The Purchasing Managers Index™ (PMI™) from Standard Bank revealed that business activity in Mozambique fell to its lowest level in seven months – from 51.9 points in July, the highest in 13 months, to the basic index of 50.4 in August.
The data is contained in the Monthly Report consulted this Tuesday, 12 September, by DE, which also highlights that the rates of expansion of activities and new business also fell after the records seen in July.
According to Standard Bank, the main figure calculated by the survey is the Purchasing Managers’ Index™ (PMI™), in which values above 50.0 point to an improvement in business conditions in the previous month, while values below 50.0 show a deterioration.
“The decline in the PMI led to a significant slowdown in new business growth, which recorded the lowest figure of the current seven-month expansion period. Several panellists indicated difficulties in acquiring new work, although others managed to secure new clients. However, it should be noted that the weaker rise in sales followed the most solid recovery of the last 14 months in July,” says the report.

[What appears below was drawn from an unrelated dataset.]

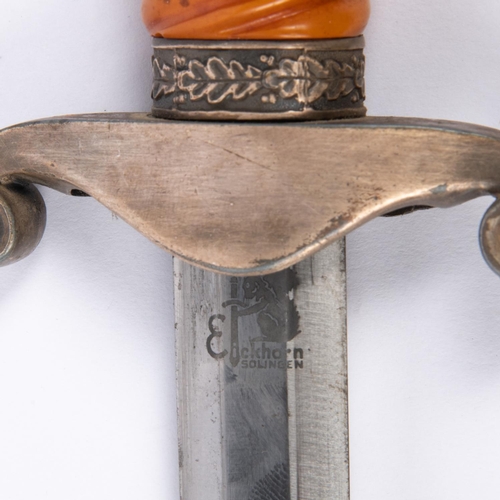 205 - A Third Reich Army officer’s dagger, with post 1941 Eickhorn mark, orange grip and plated mounts, in...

According to Standard Bank Mozambique, pointing to the PMI index, Mozambican companies saw less pressure on spending in the period under review as the slight drop in purchase prices helped to offset a further increase in wages. As a result, “companies once again recorded an increase in sales prices, albeit a moderate one”.
For the chief economist at Standard Bank in Mozambique, Fáusio Mussá, this slowdown mainly reflects a sharp drop in the growth of production and new orders, but with job creation registering a moderate increase. In addition, “sales prices and the means of production increased, but more slowly, suggesting a further easing of inflation”.
“Even so, having remained above the reference value of 50, the August PMI suggests that economic activity continues to recover gradually,” emphasised Mussá.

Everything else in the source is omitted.